The implementation is intended for full-system experiments where guest software talks to a realistic CXL device interface while the host side records and controls protocol-level behavior such as latency, routing, coherency state, directory pressure, and memory placement.
Important implementation paths:
CMakeLists.txt Top-level C++20 build
include/ Public headers for simulator/server code
src/ CXLMemSim server, controller, coherency, HDM decode
microbench/ Microbenchmarks
tests/ Server/distributed-mode tests
qemu_integration/ Launch scripts and guest-side integration
qemu_integration/guest_libcuda/ Guest CUDA Driver API shim for CXL Type 2 GPU
lib/qemu/ QEMU tree with CXL Type 2/Type 3 device changes
lib/qemu/hw/cxl/cxl_type2.c QEMU CXL Type 2 device model
lib/qemu/hw/cxl/cxl_hetgpu.c Host GPU backend bridge
lib/qemu/include/hw/cxl/ QEMU CXL Type 2 protocol headers
At a high level, the stack has four layers:
Guest applications
-> guest driver/runtime shim
-> QEMU CXL device model
-> CXLMemSim server and host backends
-> host memory, shared memory, RDMA/TCP transport, or host GPU
For Type 3 memory experiments, QEMU forwards memory operations to cxlmemsim_server. The server owns the simulated memory pool, applies latency and topology policies, and tracks coherency metadata.
For Type 2 accelerator experiments, the guest uses a CUDA-compatible shim library. CUDA Driver API calls are translated into MMIO commands on a QEMU CXL Type 2 PCI device. QEMU then forwards those commands to the host-side hetGPU backend, which can call the real NVIDIA CUDA driver through dlopen() and dlsym().
The original CXLMemSim path models CXL.mem behavior from the CPU perspective. It accounts for target DRAM latency, CXL fabric latency, bandwidth, topology, ROB effects, and cache-line states when estimating application-visible memory penalty.
The controller implementation is centered on:
CXLController, which owns the topology, endpoints, policies, and latency model.CXLMemExpander, which represents CXL-attached memory capacity with separate read/write bandwidth and latency.- Allocation, migration, paging, and caching policies used by the controller.
- Newick-style topology parsing, for example
(1,(2,3));. - An LRU cache and last-branch-record based accounting path for application memory behavior.
Example topology:
endpoint 1
/
host -- switch -- endpoint 2
\
endpoint 3
The topology can be expressed as:
(1,(2,3));
CXLMemSim adds a server-oriented CXL memory backend.
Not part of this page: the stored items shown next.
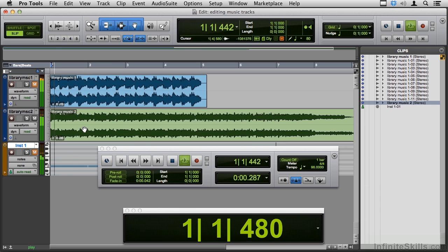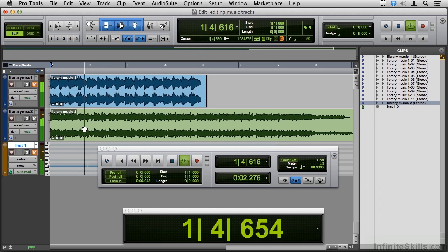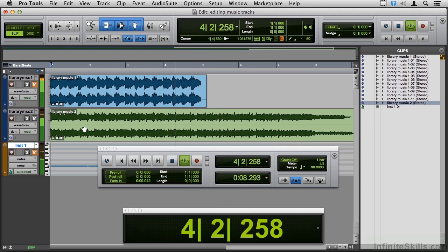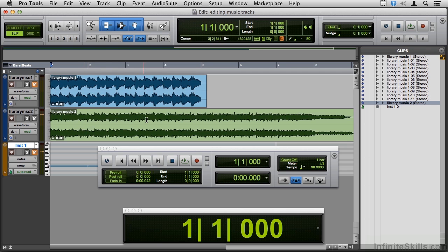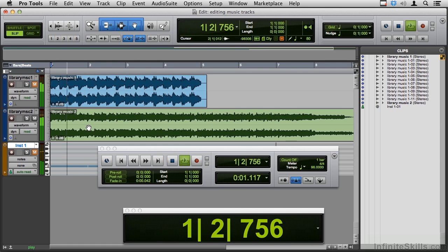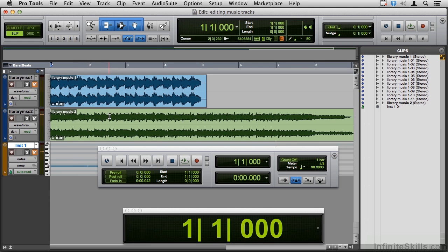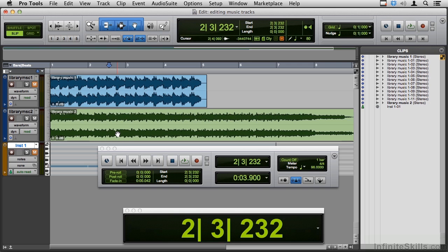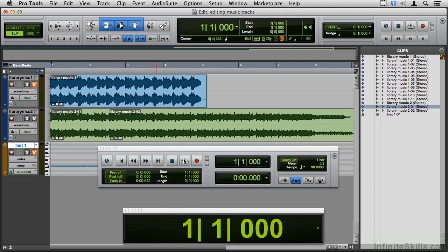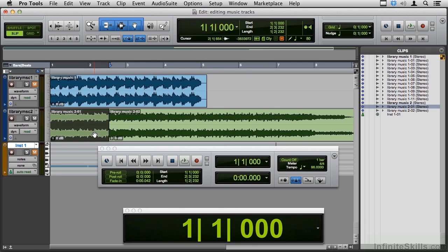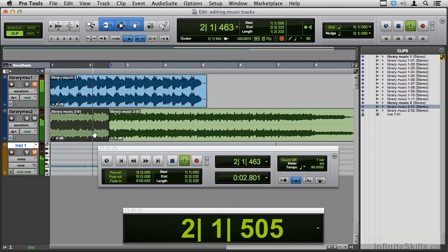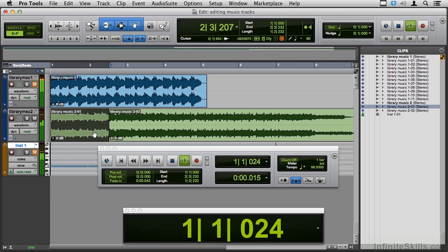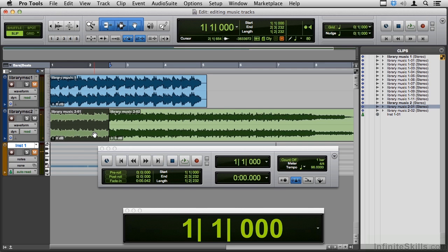On the second piece, something happens there around the fifth bar, I think. That sounds like the beginning of a new phrase. I'm going to cut right there and just listen to this again in loop playback. It's not a very clean edit, but it does groove, at least the tempo is consistent.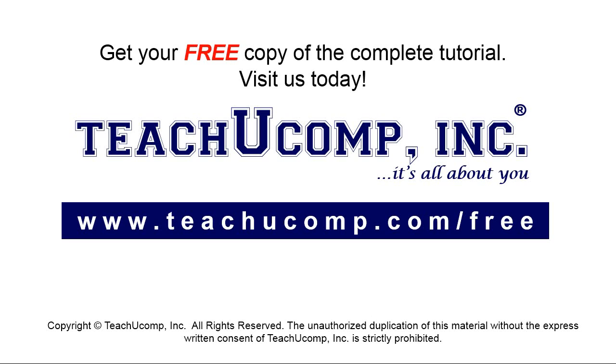Get your free copy of the complete tutorial at www.teachucomp.com/free.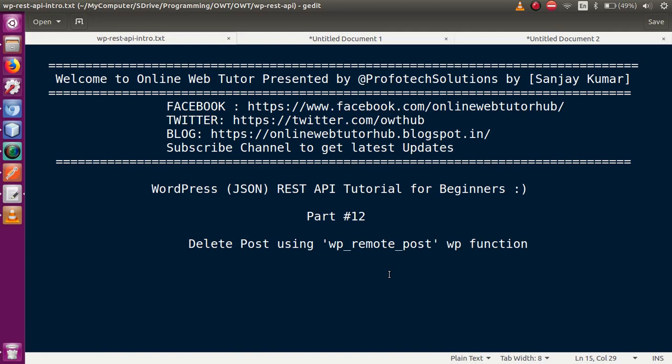Hello guys, welcome to Online Web Tutor presented by Prophetic Solutions team. I am Sanjay. We are learning WordPress JSON REST API tutorial for beginners, and this is part 12 of our video session series. If you are a beginner to this channel, please don't forget to subscribe and keep watching our previous video sessions.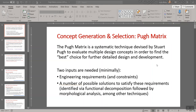Two inputs are needed minimally: your engineering requirements and the constraints that might come along with those, and a number of possible solutions to satisfy these requirements — in other words, ideas or full-fledged concepts that might address your system design. In a typical design project, you would have worked with your team to identify customer needs, and from that determined the engineering requirements, specifications, and constraints.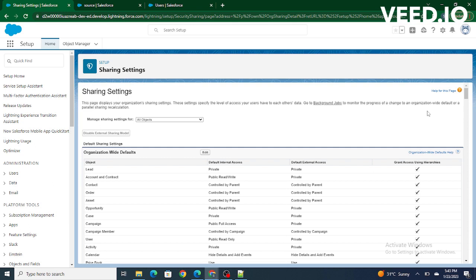Hi all, welcome to Salesforce in 5 minutes. In this video, we are going to understand what sharing settings in Salesforce are. Whenever we want to give record-level access to a particular role or a public group, we use sharing settings or sharing rules in Salesforce.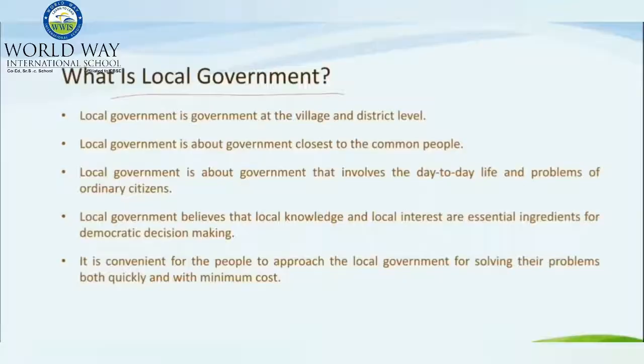Hello, Grade 11. Today we are going to learn about the importance of local government, why we need local government, and the amendments of 73 and 74 in the Indian Constitution. First of all, let's understand what is local government.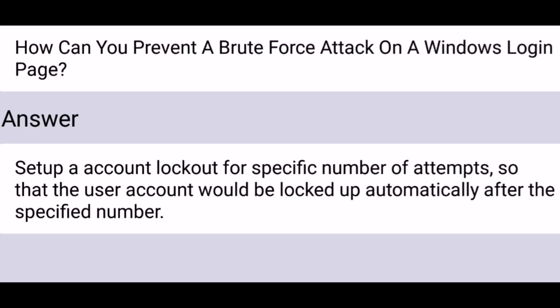How can you prevent a brute force attack on a Windows login page? Set up an account lockout for a specific number of attempts so that the user account would be locked automatically after the specified number of attempts.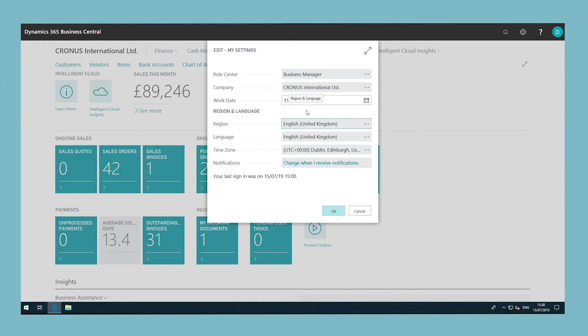The work date is only changed until you close a company or until the date changes. If you open a different company or open the same company the next day and still have to use a different work date, then you must set the work date again.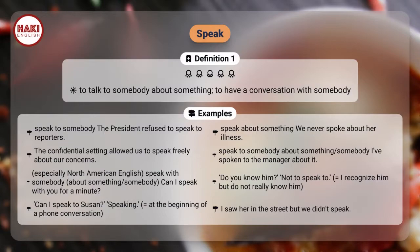Especially in North American English: speak with somebody about something — can I speak with you for a minute? Do you know him? Not to speak to — equals: I recognize him but do not really know him.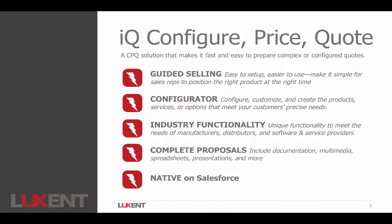The next one actually goes into a lot more detail. And industry functionality, we do a lot for manufacturing and distribution, and also software and services as it relates to configurations, as you saw here.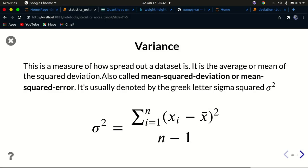Hello YouTube, welcome back to my channel. In this tutorial, continuing our series on introduction to statistics for machine learning, we're going to look at variance. In the last tutorial we looked at deviation, and now we're going to look at variance. Variance tells us how spread out our data is — how dispersed our data is from the mean, from the central point.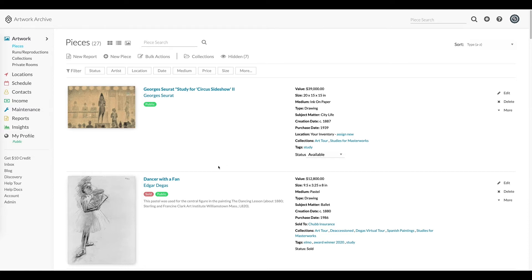The QR code feature in Artwork Archive is available on our Artist Master, Collector Premier, and all the organization version plans. And while there are a variety of ways these codes can be used, the two most common use cases we see are for internal inventorying purposes and for providing more information and access about the work to the public.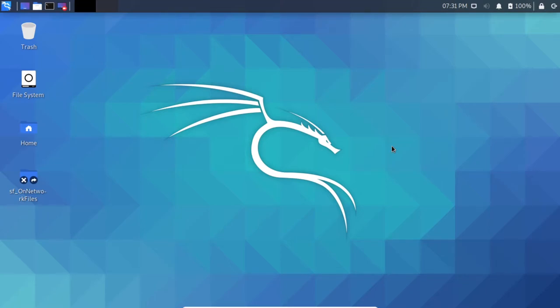Hello all and welcome back to the channel. This is Khitul Patel and in this video we are going to see how we can install ADB drivers in Kali Linux and how to use the functions of ADB drivers on a mobile device. Let's start the tutorial without wasting time.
The top-level build always enables SERVER_MODE and builds:
cxlmemsim, a static library with the core simulator.cxlmemsim_server, the Type 3 memory server.cxlmemsim_latency, a latency calculator.test_distributed_shm, a distributed shared-memory test.
The server entry point is src/main_server.cc. It creates a CXL controller, adds a CXL memory expander endpoint, loads the topology, initializes a shared memory pool, and then serves requests from QEMU or test clients.
Supported request classes include:
- cache-line reads and writes,
- shared-memory information queries,
- atomic fetch-and-add,
- atomic compare-and-swap,
- memory fences,
- Label Storage Area reads and writes.
The server supports several communication modes:
| Mode | Purpose |
|---|---|
tcp |
Socket-based QEMU/server communication. |
shm |
Shared-memory ring-buffer communication through /dev/shm. |
pgas-shm |
PGAS-style shared memory protocol used by cxl_backend.h clients. |
distributed |
Multi-node memory server mode with SHM, TCP, RDMA, or hybrid transport. |
The memory pool is managed by SharedMemoryManager. It can use POSIX shared memory or a regular file as a backing store. The shared-memory header records a magic value, format version, total size, data offset, base address, and cache-line count. The default cache-line data area is mapped with mmap() and is reused when the backing object already exists.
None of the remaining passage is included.